Galaxy Digital head of research Alex Thorn had already flagged this range, putting 2026 passage odds at roughly 50-50 in April and citing five sequential procedural hurdles: Banking Committee markup, a 60-vote Senate floor win, reconciliation with a Senate Agriculture companion, reconciliation with a House version, and a presidential signature.
The committee markup cleared on May 14th – Senate Banking passed the CLARITY Act 15 to 9, but that clears only one of five gates.
TD Cowen’s Jaret Seiberg is considerably more skeptical, telling clients he sees the bill’s chances at one-in-three for this Congress.
His argument: any serious fight over yield-bearing stablecoins and bank versus non-bank issuer parity could push final passage into the next administration entirely. That gap between Seiberg’s 33% and Galaxy’s 70-75% conditional estimate is where traders are currently trying to find equilibrium.
Senate Gridlock and the Yield-Bearing Stablecoin Fault Line
The core legislative friction driving this repricing is the yield-bearing stablecoin dispute, and it is not a peripheral issue.

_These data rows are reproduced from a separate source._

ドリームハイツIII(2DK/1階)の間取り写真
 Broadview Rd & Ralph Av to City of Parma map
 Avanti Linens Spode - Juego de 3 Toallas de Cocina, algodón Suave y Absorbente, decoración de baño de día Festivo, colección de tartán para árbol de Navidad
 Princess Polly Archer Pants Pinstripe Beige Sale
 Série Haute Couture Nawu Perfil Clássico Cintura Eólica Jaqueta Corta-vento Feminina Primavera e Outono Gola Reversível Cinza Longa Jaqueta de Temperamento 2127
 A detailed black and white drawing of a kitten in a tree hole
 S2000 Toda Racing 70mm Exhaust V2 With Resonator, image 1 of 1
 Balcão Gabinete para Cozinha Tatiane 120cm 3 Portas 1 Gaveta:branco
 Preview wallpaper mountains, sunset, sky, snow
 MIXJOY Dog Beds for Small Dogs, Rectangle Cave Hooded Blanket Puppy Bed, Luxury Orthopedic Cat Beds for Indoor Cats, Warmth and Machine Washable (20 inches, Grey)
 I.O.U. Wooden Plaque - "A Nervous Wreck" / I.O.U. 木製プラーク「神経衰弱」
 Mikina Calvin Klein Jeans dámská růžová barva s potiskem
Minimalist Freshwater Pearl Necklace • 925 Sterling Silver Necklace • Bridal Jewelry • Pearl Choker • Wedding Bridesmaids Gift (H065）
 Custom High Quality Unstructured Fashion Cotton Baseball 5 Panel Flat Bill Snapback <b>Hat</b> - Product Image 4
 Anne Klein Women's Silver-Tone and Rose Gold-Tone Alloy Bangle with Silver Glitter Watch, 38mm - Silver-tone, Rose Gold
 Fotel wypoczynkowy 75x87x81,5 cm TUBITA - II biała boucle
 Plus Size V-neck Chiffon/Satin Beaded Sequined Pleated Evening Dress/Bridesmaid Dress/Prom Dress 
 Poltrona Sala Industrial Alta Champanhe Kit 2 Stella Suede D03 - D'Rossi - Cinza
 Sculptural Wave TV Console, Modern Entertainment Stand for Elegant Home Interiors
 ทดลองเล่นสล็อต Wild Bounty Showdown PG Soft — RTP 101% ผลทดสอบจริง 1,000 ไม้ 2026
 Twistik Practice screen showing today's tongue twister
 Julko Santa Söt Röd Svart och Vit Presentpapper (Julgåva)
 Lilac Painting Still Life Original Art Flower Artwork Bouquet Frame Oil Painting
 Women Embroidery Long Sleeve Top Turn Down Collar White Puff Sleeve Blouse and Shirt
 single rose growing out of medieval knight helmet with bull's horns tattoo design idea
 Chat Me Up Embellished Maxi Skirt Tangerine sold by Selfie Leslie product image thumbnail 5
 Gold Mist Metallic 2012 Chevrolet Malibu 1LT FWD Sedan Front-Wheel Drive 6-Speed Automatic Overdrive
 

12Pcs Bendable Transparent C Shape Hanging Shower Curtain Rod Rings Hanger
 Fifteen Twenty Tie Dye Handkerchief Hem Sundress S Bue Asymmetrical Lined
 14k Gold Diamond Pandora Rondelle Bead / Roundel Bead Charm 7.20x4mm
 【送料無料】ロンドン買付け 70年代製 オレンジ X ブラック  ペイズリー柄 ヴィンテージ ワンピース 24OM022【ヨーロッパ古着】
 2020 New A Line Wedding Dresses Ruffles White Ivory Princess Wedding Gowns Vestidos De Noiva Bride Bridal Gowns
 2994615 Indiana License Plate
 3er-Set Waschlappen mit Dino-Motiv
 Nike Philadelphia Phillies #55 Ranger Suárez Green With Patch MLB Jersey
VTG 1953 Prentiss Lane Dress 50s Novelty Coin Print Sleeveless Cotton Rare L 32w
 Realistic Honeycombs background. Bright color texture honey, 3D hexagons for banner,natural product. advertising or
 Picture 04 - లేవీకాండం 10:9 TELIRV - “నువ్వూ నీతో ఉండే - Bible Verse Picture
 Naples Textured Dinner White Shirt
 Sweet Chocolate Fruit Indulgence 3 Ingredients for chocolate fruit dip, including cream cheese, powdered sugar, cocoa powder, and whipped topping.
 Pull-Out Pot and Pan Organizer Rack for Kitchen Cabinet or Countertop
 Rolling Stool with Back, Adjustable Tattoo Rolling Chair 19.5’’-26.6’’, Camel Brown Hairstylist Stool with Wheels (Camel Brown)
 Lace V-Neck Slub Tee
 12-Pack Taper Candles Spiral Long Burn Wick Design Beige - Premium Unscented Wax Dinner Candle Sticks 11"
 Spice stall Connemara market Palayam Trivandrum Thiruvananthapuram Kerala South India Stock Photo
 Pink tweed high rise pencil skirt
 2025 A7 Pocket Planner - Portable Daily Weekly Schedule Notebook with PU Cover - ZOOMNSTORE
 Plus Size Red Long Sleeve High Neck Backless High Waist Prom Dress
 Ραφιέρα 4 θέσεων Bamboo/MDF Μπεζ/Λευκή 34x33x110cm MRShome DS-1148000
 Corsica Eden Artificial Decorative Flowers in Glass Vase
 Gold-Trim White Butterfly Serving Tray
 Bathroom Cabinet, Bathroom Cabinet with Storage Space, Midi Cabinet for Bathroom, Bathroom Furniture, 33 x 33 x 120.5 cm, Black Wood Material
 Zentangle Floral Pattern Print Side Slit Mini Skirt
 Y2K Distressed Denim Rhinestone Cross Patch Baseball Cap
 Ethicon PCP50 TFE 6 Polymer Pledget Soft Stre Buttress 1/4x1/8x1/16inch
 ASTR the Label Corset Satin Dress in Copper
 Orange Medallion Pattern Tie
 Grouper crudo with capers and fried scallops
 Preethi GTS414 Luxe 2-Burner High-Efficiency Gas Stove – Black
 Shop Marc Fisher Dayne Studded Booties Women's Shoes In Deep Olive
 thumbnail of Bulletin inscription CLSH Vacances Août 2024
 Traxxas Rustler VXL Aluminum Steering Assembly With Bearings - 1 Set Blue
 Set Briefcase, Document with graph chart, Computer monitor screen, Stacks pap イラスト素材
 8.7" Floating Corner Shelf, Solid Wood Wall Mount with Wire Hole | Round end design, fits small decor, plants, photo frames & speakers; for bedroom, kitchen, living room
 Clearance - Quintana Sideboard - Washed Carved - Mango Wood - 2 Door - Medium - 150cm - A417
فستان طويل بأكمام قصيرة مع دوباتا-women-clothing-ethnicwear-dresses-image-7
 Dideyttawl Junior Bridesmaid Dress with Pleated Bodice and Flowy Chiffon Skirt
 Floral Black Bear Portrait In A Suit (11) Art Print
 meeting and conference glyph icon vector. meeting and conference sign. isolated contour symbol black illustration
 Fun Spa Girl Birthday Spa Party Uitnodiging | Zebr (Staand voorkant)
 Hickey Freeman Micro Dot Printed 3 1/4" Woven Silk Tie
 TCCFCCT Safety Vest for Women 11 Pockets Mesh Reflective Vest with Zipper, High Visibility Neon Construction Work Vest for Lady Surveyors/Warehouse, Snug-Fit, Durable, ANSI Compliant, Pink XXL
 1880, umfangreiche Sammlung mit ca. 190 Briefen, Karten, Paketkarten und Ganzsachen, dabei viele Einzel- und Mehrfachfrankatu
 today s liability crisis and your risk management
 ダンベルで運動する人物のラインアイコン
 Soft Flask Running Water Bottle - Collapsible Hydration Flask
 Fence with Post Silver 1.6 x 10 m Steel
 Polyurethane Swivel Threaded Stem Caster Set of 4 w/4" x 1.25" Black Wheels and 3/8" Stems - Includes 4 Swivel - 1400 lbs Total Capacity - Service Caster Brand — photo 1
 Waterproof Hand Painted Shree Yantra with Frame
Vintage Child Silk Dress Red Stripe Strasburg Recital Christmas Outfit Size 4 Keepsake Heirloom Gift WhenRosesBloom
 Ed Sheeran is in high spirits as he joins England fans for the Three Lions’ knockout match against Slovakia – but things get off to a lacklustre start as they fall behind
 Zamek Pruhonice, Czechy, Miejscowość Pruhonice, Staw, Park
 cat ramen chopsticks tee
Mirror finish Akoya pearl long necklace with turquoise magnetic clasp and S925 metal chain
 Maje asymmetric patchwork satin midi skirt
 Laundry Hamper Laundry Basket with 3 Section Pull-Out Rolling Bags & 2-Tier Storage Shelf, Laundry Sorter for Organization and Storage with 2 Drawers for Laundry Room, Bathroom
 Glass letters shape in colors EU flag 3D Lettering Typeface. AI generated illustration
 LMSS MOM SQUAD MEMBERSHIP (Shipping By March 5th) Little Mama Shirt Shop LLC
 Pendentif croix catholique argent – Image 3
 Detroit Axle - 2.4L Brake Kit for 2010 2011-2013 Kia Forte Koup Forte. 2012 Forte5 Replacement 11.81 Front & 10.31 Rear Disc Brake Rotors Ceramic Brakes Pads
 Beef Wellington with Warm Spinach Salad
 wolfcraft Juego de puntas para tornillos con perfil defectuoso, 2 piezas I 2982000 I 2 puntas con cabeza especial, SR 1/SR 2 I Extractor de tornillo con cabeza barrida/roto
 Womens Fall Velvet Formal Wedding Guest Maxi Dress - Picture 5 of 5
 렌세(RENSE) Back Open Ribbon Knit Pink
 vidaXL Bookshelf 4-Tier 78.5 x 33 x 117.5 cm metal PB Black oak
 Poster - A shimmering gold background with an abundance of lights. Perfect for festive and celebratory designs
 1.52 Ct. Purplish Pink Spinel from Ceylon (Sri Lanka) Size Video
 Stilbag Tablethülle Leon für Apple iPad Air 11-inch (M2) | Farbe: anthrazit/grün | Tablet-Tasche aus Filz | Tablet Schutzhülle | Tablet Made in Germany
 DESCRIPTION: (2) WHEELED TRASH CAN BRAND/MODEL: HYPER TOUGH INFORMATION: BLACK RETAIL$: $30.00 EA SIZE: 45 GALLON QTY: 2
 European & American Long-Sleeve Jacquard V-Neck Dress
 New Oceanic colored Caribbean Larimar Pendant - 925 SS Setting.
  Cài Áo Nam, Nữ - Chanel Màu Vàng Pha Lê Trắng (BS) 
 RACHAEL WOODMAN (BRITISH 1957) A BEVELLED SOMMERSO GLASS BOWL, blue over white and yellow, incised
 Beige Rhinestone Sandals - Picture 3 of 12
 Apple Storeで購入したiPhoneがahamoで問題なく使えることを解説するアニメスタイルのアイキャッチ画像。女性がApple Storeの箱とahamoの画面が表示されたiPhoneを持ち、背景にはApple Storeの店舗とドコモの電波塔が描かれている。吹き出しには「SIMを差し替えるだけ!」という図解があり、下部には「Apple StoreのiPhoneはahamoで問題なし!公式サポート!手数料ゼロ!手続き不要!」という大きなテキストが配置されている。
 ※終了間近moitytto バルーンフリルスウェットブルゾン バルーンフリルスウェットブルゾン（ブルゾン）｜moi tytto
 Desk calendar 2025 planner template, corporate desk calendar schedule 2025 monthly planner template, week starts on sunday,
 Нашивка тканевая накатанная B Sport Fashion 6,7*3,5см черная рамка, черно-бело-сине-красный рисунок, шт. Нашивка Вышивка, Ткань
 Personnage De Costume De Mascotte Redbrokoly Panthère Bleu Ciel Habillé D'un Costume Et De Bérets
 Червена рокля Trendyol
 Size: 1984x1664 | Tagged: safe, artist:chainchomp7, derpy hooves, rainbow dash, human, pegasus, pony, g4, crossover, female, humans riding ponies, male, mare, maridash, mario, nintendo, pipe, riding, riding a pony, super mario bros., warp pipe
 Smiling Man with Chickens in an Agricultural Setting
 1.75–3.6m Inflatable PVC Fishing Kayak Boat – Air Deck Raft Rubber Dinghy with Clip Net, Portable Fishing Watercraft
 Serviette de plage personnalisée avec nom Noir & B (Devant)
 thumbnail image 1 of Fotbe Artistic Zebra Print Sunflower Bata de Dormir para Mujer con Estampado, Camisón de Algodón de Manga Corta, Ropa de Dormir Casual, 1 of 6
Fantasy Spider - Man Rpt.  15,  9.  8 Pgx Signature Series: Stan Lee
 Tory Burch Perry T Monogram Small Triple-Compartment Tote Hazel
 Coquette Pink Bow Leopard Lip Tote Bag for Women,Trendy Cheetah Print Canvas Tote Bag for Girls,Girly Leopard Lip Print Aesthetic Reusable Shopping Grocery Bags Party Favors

The banking lobby is actively pushing for a blanket ban on stablecoin yield, framing it as a systemic risk to deposit-funded banking models.
JPMorgan Chase CFO Jeremy Barnum echoed that line publicly, emphasizing the risks of allowing stablecoins like USDC to generate yield for holders.

This is the same fault line that delayed the Senate Banking Committee markup by roughly four months, consideration was originally slated for January before senators needed more runway to negotiate the yield provisions.
That delay is now being read by traders as a structural signal: if yield language could slip the timeline by four months at committee, it can slip a floor vote past the August recess entirely.
Analysts tracking the Senate floor calendar note only 9 to 10 usable weeks remain in 2026 once August and pre-election breaks are excluded.
For crypto legislation as technically contested as the CLARITY Act, that is an extremely tight window – and it explains why the short-dated Kalshi contracts (before July, before August) have collapsed so sharply even as the longer-dated 2026 Polymarket contract holds above 60%.

Senator Cynthia Lummis, the bill’s sponsor, is pushing back on the pessimism. Her framing: “Wyoming didn’t wait for Washington to figure out digital assets.
We built the framework ourselves. I didn’t come to the U.S. Senate to slow that down, I came here to scale it-and that’s exactly what my bill, the Clarity Act, does.” Polymarket odds ticked up following her remarks, which suggests her floor advocacy is still moving retail contracts at the margin.